### Problem:
The word "with" marks the lines you need; copy each of them from the data.

### Extracted information:

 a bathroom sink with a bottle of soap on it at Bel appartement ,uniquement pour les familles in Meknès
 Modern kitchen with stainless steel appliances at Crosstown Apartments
==
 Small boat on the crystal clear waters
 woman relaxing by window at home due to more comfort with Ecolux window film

### Answer section:
 a bathroom sink with a bottle of soap on it at Bel appartement ,uniquement pour les familles in Meknès
 Modern kitchen with stainless steel appliances at Crosstown Apartments
 woman relaxing by window at home due to more comfort with Ecolux window film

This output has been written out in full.